Cheers all its been great

Jontymo


----------



## Hardrhino (Apr 30, 2009)

Ahhh mate really.....

What ya getting?

Mind if the current Luxembourg trip is anything to go by, TTsline in a Golf, V6RUL in a Merc and JayTTapp in a BM Dub Ya we'll let ya bring anything ya like!  :lol:

Always welcome on the trips mate... I'm sure you'll get something that'll keep up!


----------



## jontymo (Dec 31, 2010)

Cheers Nick

Loved the TTS but had that itch to scratch!!!!!


----------



## Phil_RS (Mar 2, 2010)

Is that the exact car you are going for? Would love a cayman but needed the rear seats (even if they are tiny) and boot space of the TT.


----------



## jontymo (Dec 31, 2010)

Yes thats the one its a cayman R, will have my plates on next week at somepoint.


----------



## Phil_RS (Mar 2, 2010)

jontymo said:


> Yes thats the one its a cayman R, will have my plates on next week at somepoint.


Cool, not sure I'm a fan of the colour but maybe it looks betterin the flesh! How stripped out is it? Wasn't things like the stereo removed as standard. Would love an R if I were going for a TT but with a few options ticked. What options are on this one?

I assume they will be launching a new Cayman at some point given they have just updated the boxter?


----------



## jontymo (Dec 31, 2010)

Its got a decent spec inc satnav, aircon, pdk box, universal audio interface + phone interface, PCM, park assist, sound package plus, sport chrono package the only bit i was wary was its fitted with bucket seats but once in them they are comfortable.

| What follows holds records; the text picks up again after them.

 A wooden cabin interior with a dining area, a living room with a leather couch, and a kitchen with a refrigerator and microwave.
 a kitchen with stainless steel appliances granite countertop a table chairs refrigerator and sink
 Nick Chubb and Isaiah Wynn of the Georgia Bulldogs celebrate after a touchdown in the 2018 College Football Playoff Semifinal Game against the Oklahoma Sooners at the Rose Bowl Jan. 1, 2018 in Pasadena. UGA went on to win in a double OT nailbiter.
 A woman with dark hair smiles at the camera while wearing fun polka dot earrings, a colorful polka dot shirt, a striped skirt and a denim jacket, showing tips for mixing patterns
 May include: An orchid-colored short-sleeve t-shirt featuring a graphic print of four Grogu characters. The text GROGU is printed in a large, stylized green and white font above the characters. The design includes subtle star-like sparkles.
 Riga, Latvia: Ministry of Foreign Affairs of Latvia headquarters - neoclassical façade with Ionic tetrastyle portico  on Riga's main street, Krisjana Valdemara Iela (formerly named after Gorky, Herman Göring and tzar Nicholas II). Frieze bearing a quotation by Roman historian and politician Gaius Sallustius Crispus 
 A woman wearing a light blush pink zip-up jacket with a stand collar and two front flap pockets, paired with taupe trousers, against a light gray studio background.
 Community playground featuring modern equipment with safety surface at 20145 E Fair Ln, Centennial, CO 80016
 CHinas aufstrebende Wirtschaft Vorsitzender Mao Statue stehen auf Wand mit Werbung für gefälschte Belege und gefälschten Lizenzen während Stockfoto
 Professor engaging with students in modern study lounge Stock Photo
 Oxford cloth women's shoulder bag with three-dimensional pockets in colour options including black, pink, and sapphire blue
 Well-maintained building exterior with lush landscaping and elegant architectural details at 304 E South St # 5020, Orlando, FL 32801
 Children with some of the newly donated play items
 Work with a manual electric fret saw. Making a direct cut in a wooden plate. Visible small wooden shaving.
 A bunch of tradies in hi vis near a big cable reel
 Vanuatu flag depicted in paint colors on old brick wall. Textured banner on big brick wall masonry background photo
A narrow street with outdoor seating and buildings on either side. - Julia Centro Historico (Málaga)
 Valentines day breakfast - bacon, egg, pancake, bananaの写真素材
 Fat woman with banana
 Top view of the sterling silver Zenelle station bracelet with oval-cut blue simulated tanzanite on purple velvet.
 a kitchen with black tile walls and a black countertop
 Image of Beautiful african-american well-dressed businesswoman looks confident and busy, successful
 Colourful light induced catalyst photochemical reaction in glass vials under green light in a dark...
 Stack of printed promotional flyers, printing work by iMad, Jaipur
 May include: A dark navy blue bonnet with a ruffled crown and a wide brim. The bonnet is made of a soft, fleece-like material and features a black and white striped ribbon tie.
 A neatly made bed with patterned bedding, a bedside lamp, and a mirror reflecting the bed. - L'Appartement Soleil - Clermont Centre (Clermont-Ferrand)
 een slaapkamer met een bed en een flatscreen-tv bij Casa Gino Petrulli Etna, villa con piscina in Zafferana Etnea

Its 6 months old with 5k on the clock and was 59 big spondulays when new!!!! now a lot less.


----------



## Wallsendmag (Feb 12, 2004)

Might clash a bit


----------



## Phil_RS (Mar 2, 2010)

jontymo said:


> Its got a decent spec inc satnav, aircon, pdk box, universal audio interface + phone interface, PCM, park assist, sound package plus, sport chrono package the only bit i was wary was its fitted with bucket seats but once in them they are comfortable.
> 
> Its 6 months old with 5k on the clock and was 59 big spondulays when new!!!! now a lot less.


Spec sounds awesome!


----------



## jontymo (Dec 31, 2010)

Phil_RS said:


> jontymo said:
> 
> 
> > Its got a decent spec inc satnav, aircon, pdk box, universal audio interface + phone interface, PCM, park assist, sound package plus, sport chrono package the only bit i was wary was its fitted with bucket seats but once in them they are comfortable.
> ...


Cheers Phil, got a decent finance deal 3.9% 2.5 years warranty and will also get new rear tyres, new stickers at the front due to a few stone chips, its taxed for 6 months, looks like i will get gap insurance for £200 and a full tank of juice oh and forgot its got the porsche tracker on it!!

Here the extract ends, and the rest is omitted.